Still, he said it’s hopeful news for Wilmington’s film industry,which has taken some major hits this year. Both the Fox series “Sleepy Hollow” and ABC’s “Secrets and Lies” announced their departure from the area this year. And earlier this month, CBS decided to cancel its locally filmed sci-fi show, “Under the Dome.”
Even more promising than a pilot, Griffin added, is the beefed up spending for the film grant program included in the N.C. General Assembly’s 2015-16 budget, which has yet to get formal approval from Gov. Pat McCrory.
Budget leaders agreed this week to allot $30 million to the statewide grant this year. It’s less than the House’s budget proposal of $40 million and a far cry from the tax incentives that expired in 2014.
Between 2012 and 2014, the state awarded tax credits of between $60 and $65 million each year, Griffin said, with the exception of a hefty $20 million for the locally shot “Iron Man 3.” The credit provided a 25 percent tax break for productions that spent at least $250,000, with a maximum per production of $20 million.
But Griffin said $30 million is a good first step on the road ahead to repair the local industry.
“We’re excited that the legislature has decided to extend the film incentive and increase the investment from last year.” he said. “Now, we plan to work hard to put that money to good use.”
It’s still too early to begin promoting the better-funded grant program to potential clients, Griffin said, since it’s not yet official. But if that extra money stays in the pot, he said it will give the commission an opportunity to show how vital the film industry is to this area.
“I look forward to in a year or two being able to look back and say, ‘here’s what we were able to do with that money. With the current grant funding, that went very quickly. So, without more money we didn’t have the ability to recruit productions,” he said.
Senator Michael Lee would agree.
“I am pleased that my Senate colleagues, after much negotiation, have agreed to increase the funding levels for this important program,” he said. “While there is still much more that can be done, today is a victory for both our region and our state.”
Lee and Davis, both Republicans who represent New Hanover County, introduced companion bills earlier this year to up the funding to $66 million.
While $30 million is significantly less, Davis said it’s still a win for an industry for which he has long championed.

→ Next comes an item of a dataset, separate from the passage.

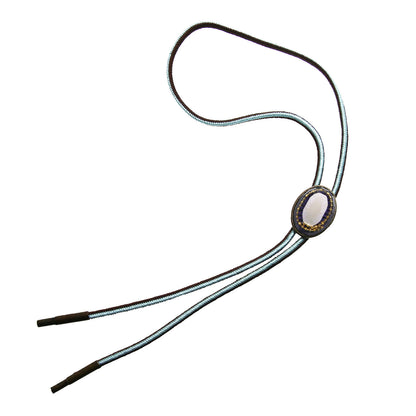 組紐ループタイ 正絹 ふくろう 紫 TAMARUSAN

Davis–who introduced the bill last year that would have extended the tax incentives for one year–said he has worked tirelessly for months to convince his fellow Republicans, many of whom previously opposed any incentive program, to improve film funding, not just for those employed by the industry but for the vendors who benefit from productions.
“I have been fighting tirelessly for the film industry since the day I stepped into office,” he said. “Today is a good day for both New Hanover County and the State of North Carolina.”